As the taxi slowed to a stop near the main road leading to Behrampada, I slid to the door to make a quick exit.
“Wait,” she said, reaching for my arm. “There’s a lesson here for you.”
Her nostrils flared slightly, and she swallowed. Was she going to cry? I froze, overcome with a strange mix of horror and concern.
She didn’t cry, though. Instead, she caught her breath and then looked me in the eye. “Even when people hurt us,” she said, “how we respond is a test of our loyalty to them.”
Did it ever enter her head, I wondered, that there might be a lesson here for her, too?
12
On Monday, Gauri Ma’am sits me down with a pair of dull scissors in front of a stack of newspapers and instructs me to scan for stories about Justice For All.

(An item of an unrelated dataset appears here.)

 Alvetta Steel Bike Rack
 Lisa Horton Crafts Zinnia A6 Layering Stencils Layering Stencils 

“Ma’am, won’t you know if there’s a story about us? The journalist would interview you, na?”
“If Rubina gives even one sound bite to a journalist and mentions our name, I must know about it. Now stop asking questions.”
When I’m done, I bring her four articles. She runs her finger over a headline from last week’s Times of India: BATTLE OVER FOR VICTIMS OF CHEMBUR FORCED EVICTION, HIGH COURT SAYS.

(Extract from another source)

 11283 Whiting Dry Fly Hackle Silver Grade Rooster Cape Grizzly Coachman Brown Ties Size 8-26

“These papers get more ridiculous every year,” she murmurs. She flips through the rest of the clippings. “What’s this?” She pulls a story I found in the Mumbai Mirror: FORMER FILM STAR DEDICATES LIFE TO SQUASHING POVERTY.

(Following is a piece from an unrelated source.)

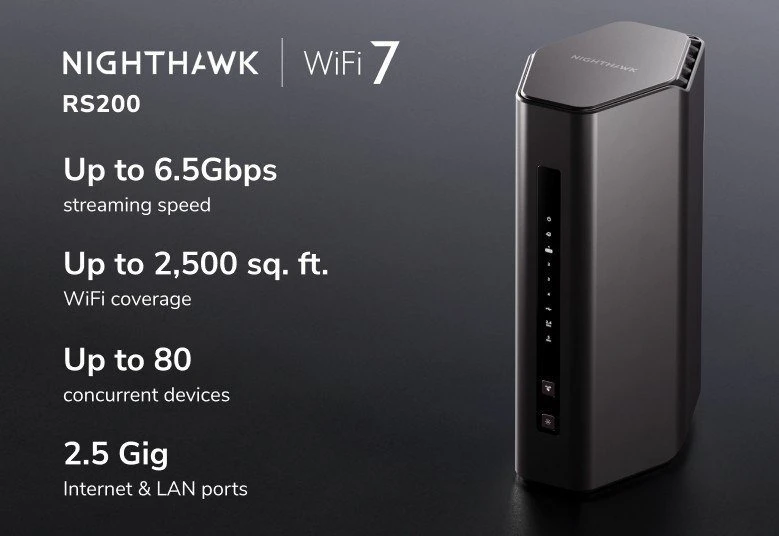 Maršrutizatorius Netgear Nighthawk WiFi 7 RS200-100EUS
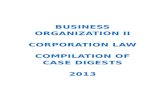 Cases in Corporation law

“Vivek,” Gauri Ma’am shouts. “Get in here, right now!”
Vivek appears in the doorway, eyebrows raised. “What’s going on?”
“Just read this.” Ma’am holds the article out to him as he sucks in his gut to squeeze past me.
“Rubina Mansoor, one of Bollywood’s nineties screen queens, is speaking out on ridding India of poverty…? I don’t know if she can really be called a screen queen, but—”
“Keep going.” Ma’am covers her eyes with her palms.
“‘I love India, and India loves me,’ the superstar said. ‘I want to give back everything it has given me and more.’ What does she mean by that?”
“Read out the bit where she talks about us.”
“Accha…Okay, okay…Rubina has partnered with local human rights organization Justice For All, which operates under the leadership of Advocate Gauri Verma, a veteran human rights lawyer. ‘Gauri and I both want the same things for our country, but we have different ways to get there. She fights in the courtroom, whereas I am well poised to arouse the beating heart of this nation…’ Arouse? What does she mean, ‘arouse’?”
“Finish reading.”
“‘Together, we look forward to a brilliant partnership.’” Vivek puts the article down and rubs his chin. Both of them stare at the clipping for a moment. “Gauriji, did you and Rubina agree to send out a message that you were working together?”
“Of course not.” Ma’am wrings her hands. “This is all moving so fast.”
“Call Rubina up. We must control this situation before it controls us.”
“You’re right.” Gauri Ma’am wipes her upper lip with her handkerchief before her eyes dart to me. “What are you still doing in here?”
“I was just leaving, Ma’am.”
“Rakhi,” she says, as I exit her office. “Good job finding this article. Never thought I’d see my name printed in the Mumbai Mirror.”